Data:

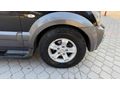 2006 MODEL KİA SORENTO 2.5 CRDİ EX PREMİUM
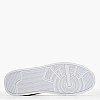 Tommy Hilfiger Court.Detail Ανδρικά Παπούτσια Casual Tommy Hilfiger Court.Detail Ανδρικά Παπούτσια Casual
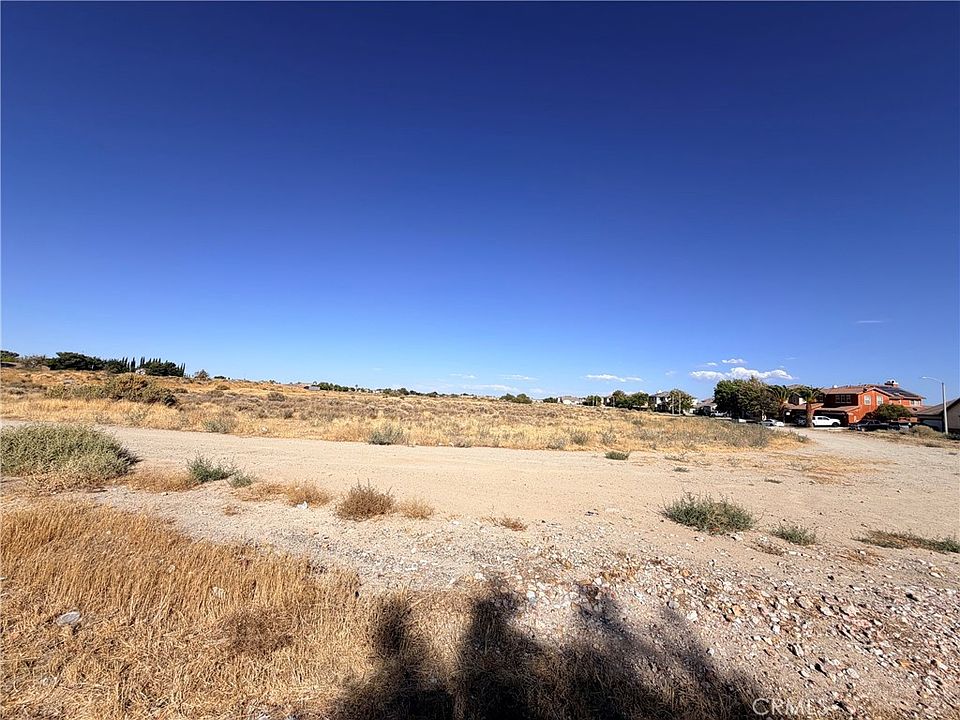 1st image of 40 Ste Vic ["dv","dr"] Lot J8-20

Assignment: Write out the material above once more, exactly as it reads, with no pictures.

Expected answer:
 2006 MODEL KİA SORENTO 2.5 CRDİ EX PREMİUM
 Tommy Hilfiger Court.Detail Ανδρικά Παπούτσια Casual Tommy Hilfiger Court.Detail Ανδρικά Παπούτσια Casual
 1st image of 40 Ste Vic ["dv","dr"] Lot J8-20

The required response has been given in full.